Task brief → From the records below, work out how many lines contain "Book". Reply with that number alone.

------------------------------------------------------------

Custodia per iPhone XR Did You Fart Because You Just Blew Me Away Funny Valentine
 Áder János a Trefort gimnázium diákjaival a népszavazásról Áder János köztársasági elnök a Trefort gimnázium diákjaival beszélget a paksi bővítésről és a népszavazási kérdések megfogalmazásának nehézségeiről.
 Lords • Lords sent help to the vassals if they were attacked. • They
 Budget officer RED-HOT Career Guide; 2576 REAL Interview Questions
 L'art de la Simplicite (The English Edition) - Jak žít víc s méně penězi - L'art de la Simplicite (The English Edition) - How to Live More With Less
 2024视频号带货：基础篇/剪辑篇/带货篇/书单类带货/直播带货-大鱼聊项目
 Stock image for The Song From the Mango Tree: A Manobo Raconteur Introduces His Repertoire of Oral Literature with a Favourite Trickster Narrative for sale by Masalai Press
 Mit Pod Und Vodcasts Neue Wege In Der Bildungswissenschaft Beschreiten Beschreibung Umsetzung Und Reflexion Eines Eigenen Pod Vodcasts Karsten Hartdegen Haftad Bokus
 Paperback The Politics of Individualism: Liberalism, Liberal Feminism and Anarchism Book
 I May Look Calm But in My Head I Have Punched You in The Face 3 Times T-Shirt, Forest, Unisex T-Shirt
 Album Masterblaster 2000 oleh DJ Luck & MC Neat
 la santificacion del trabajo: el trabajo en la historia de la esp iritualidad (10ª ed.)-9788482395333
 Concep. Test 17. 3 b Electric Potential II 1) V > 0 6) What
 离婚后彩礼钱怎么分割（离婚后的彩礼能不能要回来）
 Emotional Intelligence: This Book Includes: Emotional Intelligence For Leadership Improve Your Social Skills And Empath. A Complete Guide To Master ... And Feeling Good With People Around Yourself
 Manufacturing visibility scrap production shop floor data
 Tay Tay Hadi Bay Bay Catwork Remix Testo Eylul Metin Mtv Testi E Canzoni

------------------------------------------------------------

Answer to the exercise → 2